Merovingian Frankish Gilt Silver Bird Headed Brooch

5th-6th century AD

A silver-gilt bird brooch with chip-carved bands, inset hatched foil backed garnet cloisons to the eyes and body, catch and sprung pin to the reverse. 6.3 grams, 28mm (1"). Very fine condition.

From an important private family collection; acquired on the European art market in the 1980s, and thence by descent.

Cf. Beck, H. et al. Fibel und Fibeltracht, Berlin, 2000, item 468; similar brooches from the Frankish cemetery at Monceau-le-Neuf-et-Faucouzy, deptn Aisne, France in Menghin, W. The Merovingian Period.
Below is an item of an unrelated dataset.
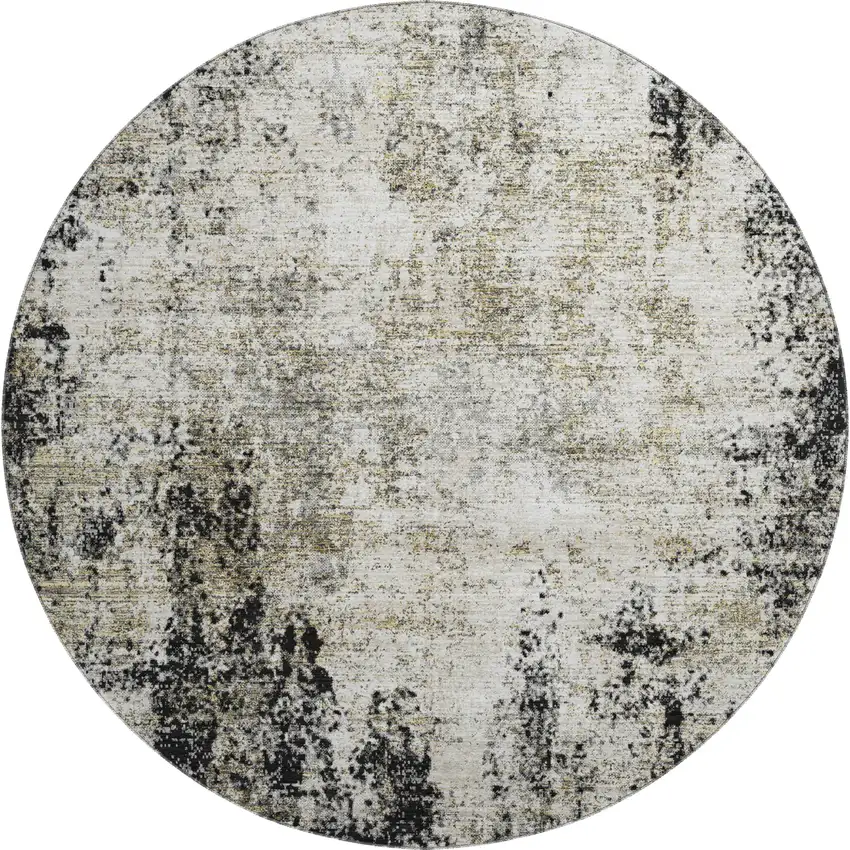 8' Black And Ivory Abstract Washable Round Rug With UV Protection Photo 1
Europe Without Borders, item VII.23.2; and the S-fibula from Schwarz-Rheindorf, Westphalia, in Menghin, W. The Merovingian Period. Europe Without Borders, item VII.48.27.

During the mid-sixth century the S-brooch, along with the disc brooch, became popular. These were made primarily of gilded silver embellished with garnet inlays or in garnet cloisonné. Early forms of S-shaped brooches appear in graves in Scandinavia throughout the fifth century and in Europe during the first decades of the sixth century, and reached the height of their popularity during the latter half of that time. They have a wide spread across Europe and are found in central and western Europe, Italy, Scandinavia and Anglo-Saxon England. They generally take the form of an S-shaped body with heads at either end facing in opposite directions. The heads are generally depicted as birds but examples are known of unidentified animals with splayed open jaws, possibly dragons or wolves. The use of the head imagery is consistent with the aesthetic tendencies associated with the northern, Pagan Germanic world.